A l’époque de Kadhafi comme à l’époque actuelle du gouvernement de Tripoli ainsi qu’à celui de l’Est du pays, les Libyens ont toujours revendiqué une portion de mer bien plus grande que celle assignée par le droit international. Selon les différents dirigeants qui ont alterné à la tête du pays d’Afrique du Nord, le golfe de Syrte doit être considéré comme une baie historique et donc d’une pertinence exclusive pour la Libye. Au contraire, les normes et conventions internationales régies avant tout par la charte de Montego Bay (la Convention des Nations unies sur le droit de la mer CNUDM, NDLR), ne reconnaissent comme eaux territoriales que celles situées à 20 km de la côte, au-delà desquelles commence la zone économique exclusive (ZEE). La Libye délimite sa ZEE non pas de la côte de Syrte, mais d’une position beaucoup plus avancée tracée par une ligne idéale qui relie Misrata et Benghazi. Lorsque nos bateaux de pêche s’y rendent et bien que le droit international soit de leur côté, pour les Libyens, les équipages commettent un crime en exploitant une étendue de mer qui relève de leur compétence.

Les marins en attente de jugement en Cyrénaïque sont également accusés de pêcher dans les eaux considérées comme libyennes. Le général Al Wershafani, membre de l’armée nationale libyenne commandée par le général Haftar, a précisé que l’affaire est désormais traitée par le tribunal militaire de Benghazi et que les Italiens seront jugés pour « entrée illégale » dans les eaux libyennes sans autorisation. Mais en réalité, il y a plus: Les deux équipages ont été repris par l’armée nationale libyenne, l’armée formée par Haftar ces dernières années qui contrôle une grande partie de la Cyrénaïque. Le général utilise les 18 marins détenus à Benghazi pour faire chanter l’Italie. Une circonstance démontrée par les propos du général Khaled al Mahjoub, l’un des hommes les plus proches de Khalifa Haftar: « Le commandant, lit-on sur Agenzia Nova, refuse de libérer les pêcheurs italiens détenus à Benghazi avant de libérer les jeunes Libyens que les autorités italiennes ont condamnés à trente ans d’emprisonnement pour traite des êtres humains ». Des jeunes libyens en échange des marins: c’est le « prix » demandé par Haftar à l’Italie.

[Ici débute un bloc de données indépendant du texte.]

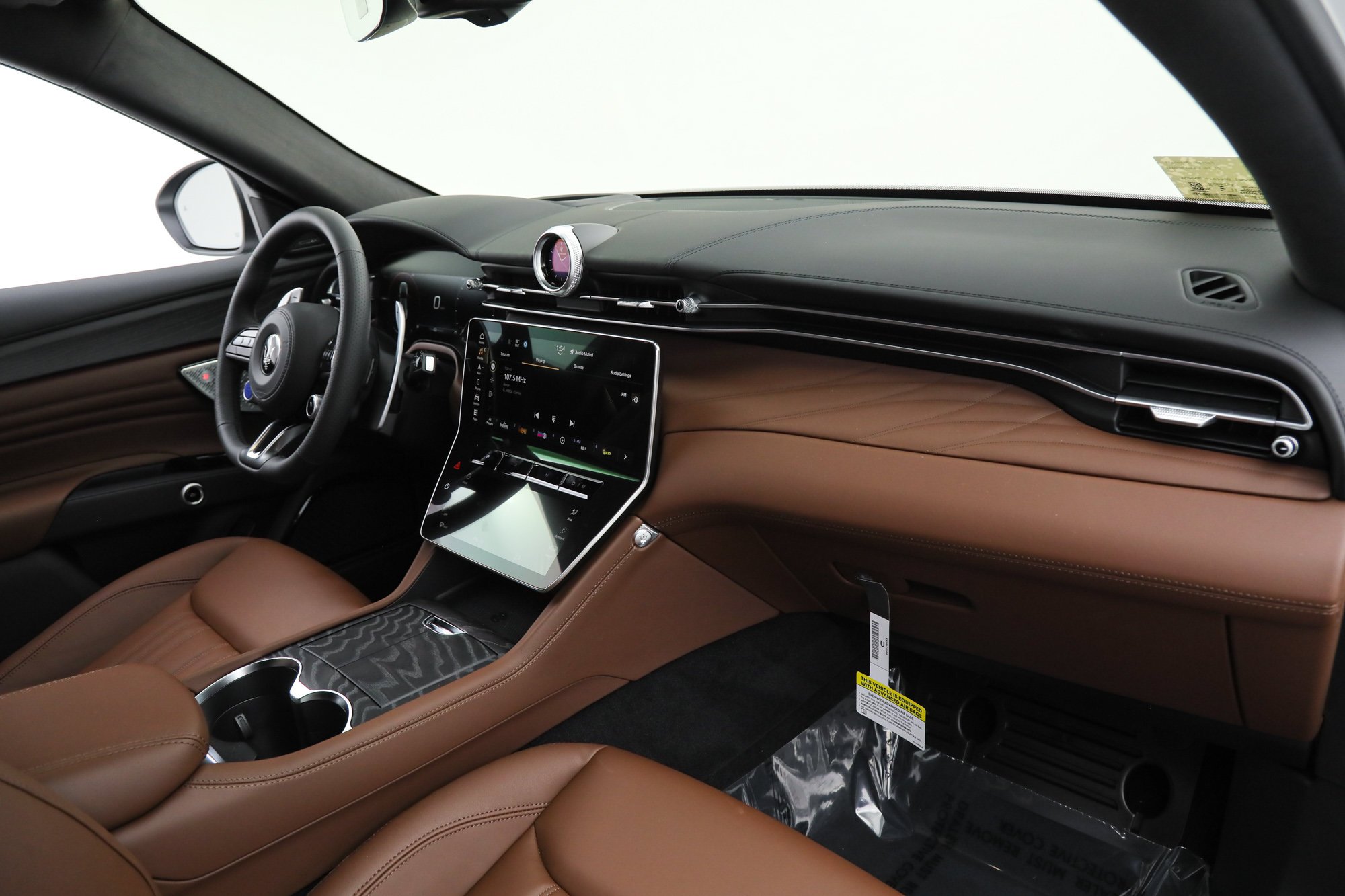 New 2026 White Maserati Modena image 10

Le général tente de récupérer du terrain

Avec cette affaire, l’homme fort de Cyrénaïque pourrait avoir deux grandes opportunités entre ses mains. Il peut aspirer à se remettre dans le jeu à l’international. Mis à l’écart après le retrait de son armée de Tripoli et les initiatives diplomatiques du président du parlement basé en Cyrénaïque Aguila Saleh, Haftar peut faire entendre sa voix en  retenant le plus longtemps possible les équipages des bateaux de pêche italiens. Mais pas seulement cela: l’autre opportunité importante pourrait être jouée sur le front intérieur. Appeler à la libération des jeunes libyens détenus dans notre pays donnerait à Haftar l’image du seul dirigeant capable de défendre les intérêts de son peuple. L’objectif clé en ce sens est donc de retrouver du terrain également en termes de consensus après des mois marqués par des protestations et des manifestations dans l’est de la Libye en raison de la détérioration des conditions de vie.

Les risques pour l’Italie

Dans un tel contexte, il y a deux fronts sur lesquels notre pays doit être circonspect. Tout d’abord, il faut que les 18 marins rentrent chez eux. À Mazara del Vallo, patrie de la marine d’où proviennent les deux bateaux de pêche saisis, le retour des deux équipages est attendu avec impatience depuis des jours, des familles entières attendant des messages et des signes d’optimisme en ce sens. Générer une plus grande anxiété, est la prolongation de l’histoire: généralement dans le passé, les pêcheurs amenés en Libye sont libérés et ont pu rentrer en Italie, mais cette fois-ci, l’attente semble beaucoup plus longue. L’autre question est de nature plus politique: la prolongation de l’affaire risque de faire paraître notre pays plus faible en Libye. Et cela vaut tant pour les Libyens que pour les acteurs internationaux impliqués dans le dossier libyen. En plus, le chantage de Haftar risque également d’apparaître comme un profond revers pour l’Italie qui est, de plus en plus, considérée comme le ventre mou de la Méditerranée.